If you have worked with addict’s, in the various roles you say you have, you should know no two have followed the same exact route as the other’s. Generally yes, specifically no. Are you trying to get to a specific put into general terms or conditions?

And since when I pay out, I get something in return… I look at the misery as the pay outs for the return of forgiveness. It’s just the way I look at it. It’s merely a comparison.

And yes, ego and humility do not go together very well. As you say about the one’s who have not hit bottom yet. PS: it happens to some who have been in the program a long time also, the ego starts to re-inflate and humility diminish… next comes relapse. It’s like the memory of the misery play’s tricks on the mind, thru time, and looses it’s effect for resolve.

Hence the ‘where I was, where I am and how I got there’ reminders.
 
Well, Marietta, I have this feeling that no matter what other people post (including me), you would either tell us that for some reason “we” had a totally ‘different’ experience from the average addict, that for some reason whatever addiction “we” had wasn’t as serious, as longstanding, etc. as yours or someone else’s; etc.

This thread has already traveled a bit off topic. I was attempting to give a counter to your post (which it needed) that tied in to the original post. . .not to engage in what might (historically speaking) escalate into a battle for verbal one-up-manship of who ‘really knows’ what s/he is talking about.
It’s a good thing that feelings are not facts.

I claim no exclusivity - I share my experience. You only allude to yours, which fails to shed any light on the subject and hinders learning from the posts on this subject.

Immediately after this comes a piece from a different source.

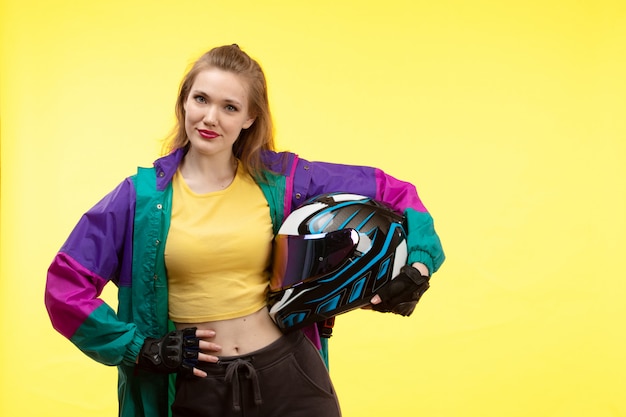 Een vooraanzicht jonge moderne vrouw in gele overhemd zwarte broek en het kleurrijke jasje houden van motocycle helm het stellen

In a round-about manner, I agree with Michael David, drunks and addicts must follow a custom-made path to sobriety, if sobriety is indeed what they choose. But we can listen to the stories of those who are in different stages of recovery and understand that through discovering so many similarities we are able to create and belong to a unique and loving fellowship. If we concentrate on the similarities rather than the differences we can appreciate one another’s struggles and integrate into our own sobriety the methods, prayers and illustrative anecdotes through which others have found success.

Yes, the loss of sobriety can often be attributed to a gain of ego and self-centeredness (“self-will run riot”); but sometimes even a person with long-term sobriety (years’ worth) can drink at the drop of a hat without thinking of the sacrifice and the consequences. The cause: failure to maintain fit spiritual condition.

("Are you trying to get to a specific put into general terms or conditions?" - Michael David, I don’t know what this question means but I’d be happy to try to answer it if you can elaborate a bit.)

Alcoholism kills people. Recovery is not a contest. All alcoholics’ and addicts’ misery qualifies each to speak with authenticity on the subject, whether a high-bottom or a low-bottom user. If one does not believe or understand how alcoholism can destroy a person without that person’s permission, then maybe one could at least muster up some compassion for those who still suffer. But to stand by and taze those who have the guts to come forward and discuss in frank detail the events which nearly killed them and then brought them back to life - well, just what is that?

magic_stick says:

“Hmmm, I’ll take the red :D No further than .08, I hope.

marietta
 
But to stand by and taze those who have the guts to come forward and discuss in frank detail the events which nearly killed them and then brought them back to life - well, just what is that?
If that’s directed at me, where did you get that impression. I said nothing of the kind

If it is directed at other posters specifically, then address them specifically.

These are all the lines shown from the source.